May 05, 2021

History Independent Study Exhibit

With the help of Watzek Library Special Collections, students Margarete Maneker, Lily Schaffer, Ashley O’Leary, and Olivia Weiss created an online exhibit for their History independent study project, “The Nuremberg Laws: Nazi Race Laws”.
  • Wild Men and Moors, circa 1440
    Wild Men and Moors, circa 1440

This virtual exhibit is the culmination of a semester-long independent research project in the history department undertaken by Lily Schaffer ’23, Olivia Weiss ’23, Ashley O’Leary ’22, and Margarete Maneker ’21. At its center is an investigation into the Nuremberg Laws of the Third Reich. These were a set of laws passed by the Nazis in 1935 that severely restricted the rights of Jews and other marginalized groups within Nazi Germany.
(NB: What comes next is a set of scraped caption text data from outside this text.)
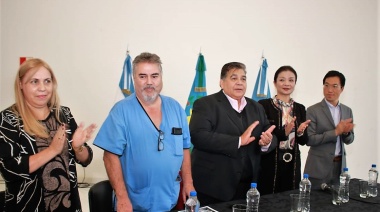 José C. Paz: Ishii promueve vínculos profesionales entre el Hospital Oncológico local y el Mútua de Terrassa, de Barcelona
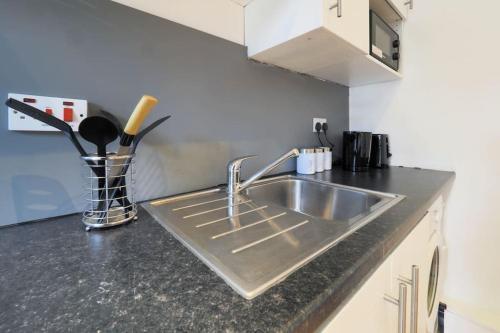 S2 Full Studio With Own Kitchen In Centre Of Kilburn - Tap to explore photos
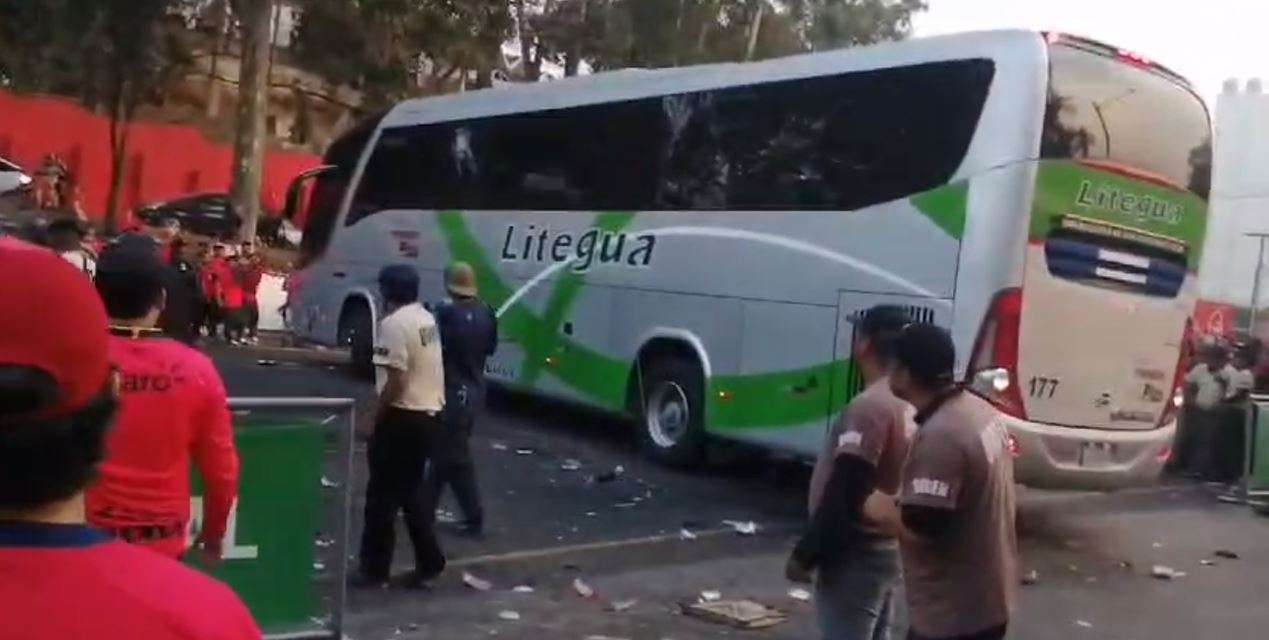 Municipal rechaza el actuar de un grupo de aficionados luego del partido ante Comunicaciones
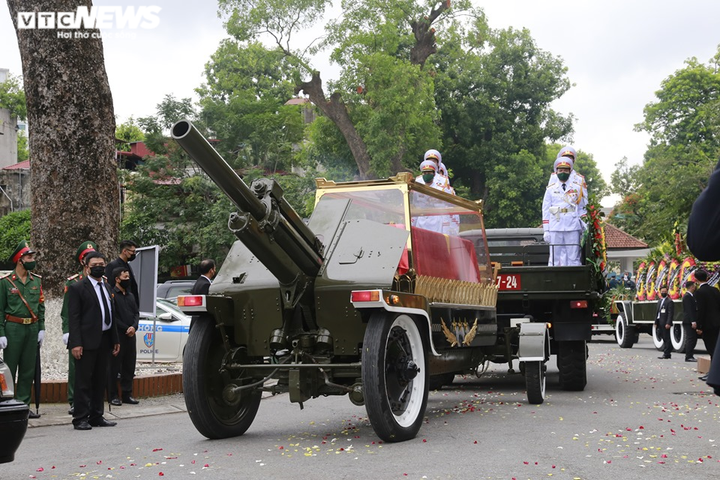 Chùm ảnh: Rưng rưng giây phút tiễn đưa nguyên Tổng Bí thư Lê Khả Phiêu - 14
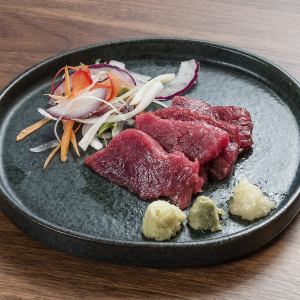 アカミ馬刺し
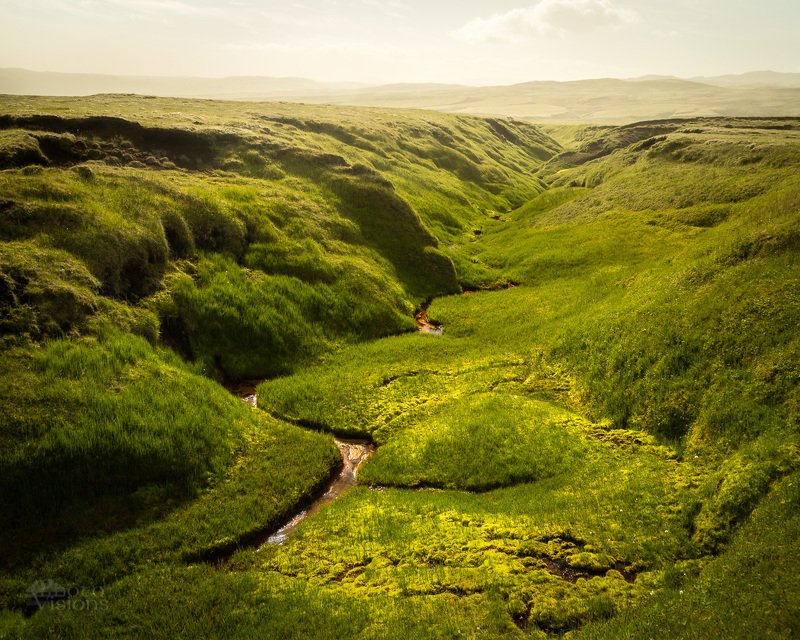 iceland,green,summer,light,landscape,highlands, Green valleyphoto preview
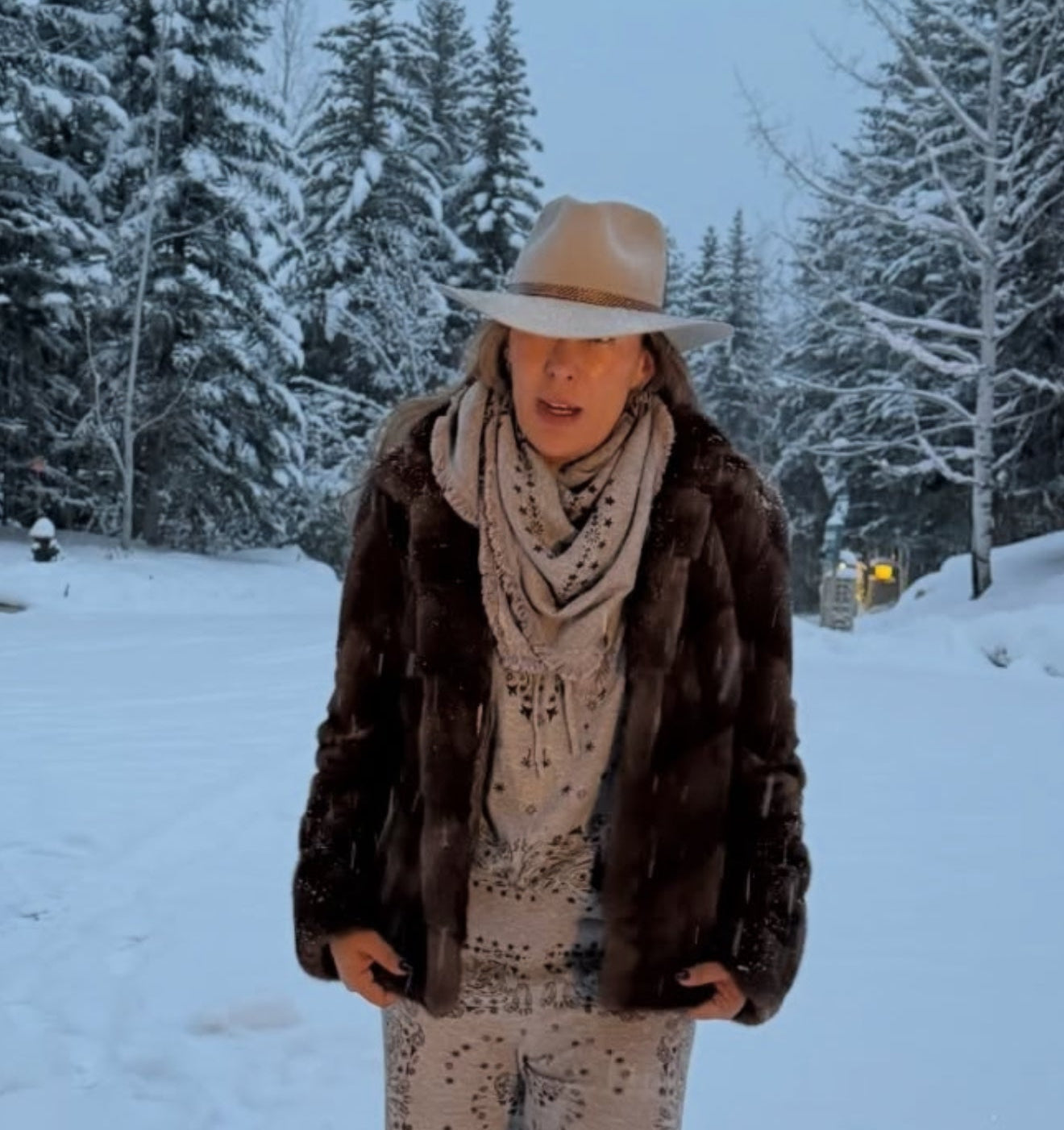 EP LUXURY PARIS HOODIE KIMI BANDANA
We focus primarily on the Law for the Protection of German Blood and German Honour, which forbade marriages between Jews and Gentiles. This law effectively sought to racialize Jews, portraying them as foreign, other, and inferior. Through our work, we examine the historical and legal context of anti-Jewish sentiment in Europe and Germany prior to the establishment of the Nazi state, the effect of this law on Jewish women and girls, and the efforts by the Nazis to justify this otherization through propaganda.